This is a call to action: Enter Food Euphoria. The call comes from Farmdrop, an online grocer in England that delivers fresh organic produce and “everyday groceries” using electric delivery vehicles.
During the COVID-19 pandemic, Farmdrop sales have skyrocketed. Consequently, the company has been able to help keep smaller farms and producers up and running after demand collapsed from the restaurant trade during the lockdowns.
Now, Farmdrop has launched its 2020 Christmas campaign, which shines a light on some of the most forgotten critical workers of 2020: Britain’s farmers.
Getting goats to do anything is tough duty. Getting them to behave on a Zoom call…that ain’t gonna happen. Should one persist with such activity, what will happen is comedy.
Damian Hind, head of marketing and PR at Farmdrop, says, “Our farmers and producers have shown tremendous perseverance during the pandemic, working hard on their farms, boats, and fields to maintain a regular supply of fresh produce. We wanted to inject a bit of fun and humour into the traditional supermarket Christmas advert and do it in a way that showed our support for farmers and producers who have been working on the frontline to keep us all fed during 2020.”
The unconventional ads come from Hell Yeah!
Let’s view another Farmdrop spot from last August.

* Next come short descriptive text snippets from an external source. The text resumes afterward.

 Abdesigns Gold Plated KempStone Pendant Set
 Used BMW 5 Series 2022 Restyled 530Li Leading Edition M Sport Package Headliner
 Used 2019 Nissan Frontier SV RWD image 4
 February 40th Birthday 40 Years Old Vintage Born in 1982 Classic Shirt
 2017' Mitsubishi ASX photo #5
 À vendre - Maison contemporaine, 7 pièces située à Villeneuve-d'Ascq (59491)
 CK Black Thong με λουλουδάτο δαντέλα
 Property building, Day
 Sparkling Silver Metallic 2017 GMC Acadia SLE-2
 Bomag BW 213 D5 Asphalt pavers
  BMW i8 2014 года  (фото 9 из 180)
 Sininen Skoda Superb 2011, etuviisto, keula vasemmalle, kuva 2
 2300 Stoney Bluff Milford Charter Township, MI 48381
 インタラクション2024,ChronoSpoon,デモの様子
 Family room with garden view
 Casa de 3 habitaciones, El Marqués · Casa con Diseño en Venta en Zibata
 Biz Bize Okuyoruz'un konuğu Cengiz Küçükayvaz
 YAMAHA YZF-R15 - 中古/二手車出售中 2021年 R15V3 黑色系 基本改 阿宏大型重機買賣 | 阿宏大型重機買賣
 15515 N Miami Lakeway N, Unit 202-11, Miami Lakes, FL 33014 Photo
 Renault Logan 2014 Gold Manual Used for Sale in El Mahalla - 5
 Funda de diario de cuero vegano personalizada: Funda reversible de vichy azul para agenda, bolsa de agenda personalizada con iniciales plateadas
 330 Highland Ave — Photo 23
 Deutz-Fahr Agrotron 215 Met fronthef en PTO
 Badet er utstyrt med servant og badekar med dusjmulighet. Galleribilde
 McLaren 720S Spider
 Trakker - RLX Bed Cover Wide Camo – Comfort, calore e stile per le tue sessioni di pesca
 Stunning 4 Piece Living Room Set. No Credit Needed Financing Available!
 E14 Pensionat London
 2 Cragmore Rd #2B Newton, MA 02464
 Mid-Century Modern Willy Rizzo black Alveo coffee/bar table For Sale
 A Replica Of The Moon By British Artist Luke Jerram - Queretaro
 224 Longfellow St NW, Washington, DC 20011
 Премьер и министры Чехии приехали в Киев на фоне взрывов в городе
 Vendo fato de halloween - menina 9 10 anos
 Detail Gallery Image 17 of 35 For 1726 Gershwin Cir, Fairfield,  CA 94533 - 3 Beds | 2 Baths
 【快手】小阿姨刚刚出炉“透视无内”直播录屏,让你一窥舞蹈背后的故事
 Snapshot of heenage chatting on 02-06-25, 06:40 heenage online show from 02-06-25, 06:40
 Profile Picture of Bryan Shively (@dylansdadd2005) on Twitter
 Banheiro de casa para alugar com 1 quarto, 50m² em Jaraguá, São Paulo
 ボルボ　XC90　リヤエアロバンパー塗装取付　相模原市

Josh Clarricoats, managing partner of Hell Yeah! said: “With these films for Farmdrop, we wanted to get back to the people who have ultimately helped fuel our 2020. Food has been a core point of discussion this year; from supermarket shortages to people discovering a love of baking sourdough. Behind all of this are our farmers – out there come rain or shine.”
Hell Yeah! brings a new and different lens to their clients’ campaigns. They also present themselves in a powerfully positive light.
As an American, I am not sure what “Faff” and “Gits” mean, but I get the idea, and I am also highly attracted to this slimmed down and laser-focused approach to marketing agency services. Tip of the old hat to Hell Yeah!